This remainder of the list still contains keywords I was searching for. So it looks like the list is not properly processed.

Can anyone point out my mistake for me?

Larz60+ write Nov-07-2020, 01:05 PM:
Please post all code, output and errors (it it's entirety) between their respective tags. Refer to BBCode help topic on how to post. Use the "Preview Post" button to make sure the code is presented as you expect before hitting the "Post Reply/Thread" button.

I added for you this time. Please use bbcode tags in future posts. Thank You

**Gribouillis** · Nov-07-2020, 04:24 PM

There are many issues with this code. The problem that you describe comes from modifying the list while iterating upon it. Let us simplify things by supposing that the list is

['foo bar', 'baz qux', 'login quux', 'static corge', 'grault garply']

When i=2, the 'login quux' is found and removed from the list.
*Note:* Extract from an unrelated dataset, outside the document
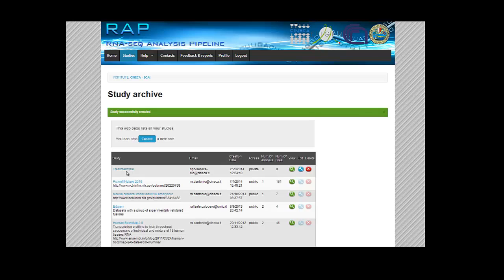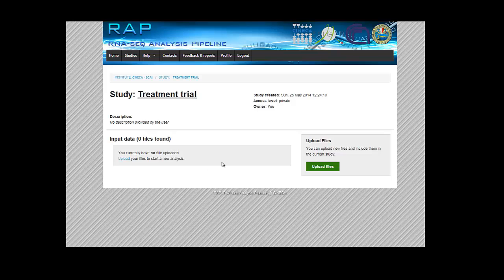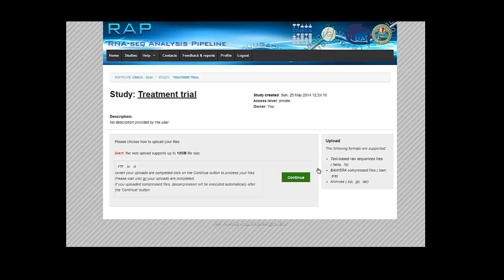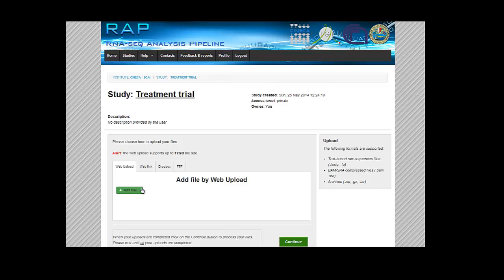So let's get inside the study. Here you can see that you haven't uploaded any files yet, and of course we have to so we can start a sample analysis. So let's click on the upload files button. The REP tool gives several possibilities to upload your files. You can use our web platform, but of course you should have a high-performance internet connection in order to complete the upload during an acceptable time.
On the next iteration, one has i=3 but 'static corge' is never found because its index is now 2 instead of 3, so your algorithm could work if you started from the end of the list with

for i in range(len(vdescription_tokens) - 1, -1, -1): ...

Another obvious issue is that the code repeats itself a lot and it needs to be refactored to avoid this litany of if, elif, elif...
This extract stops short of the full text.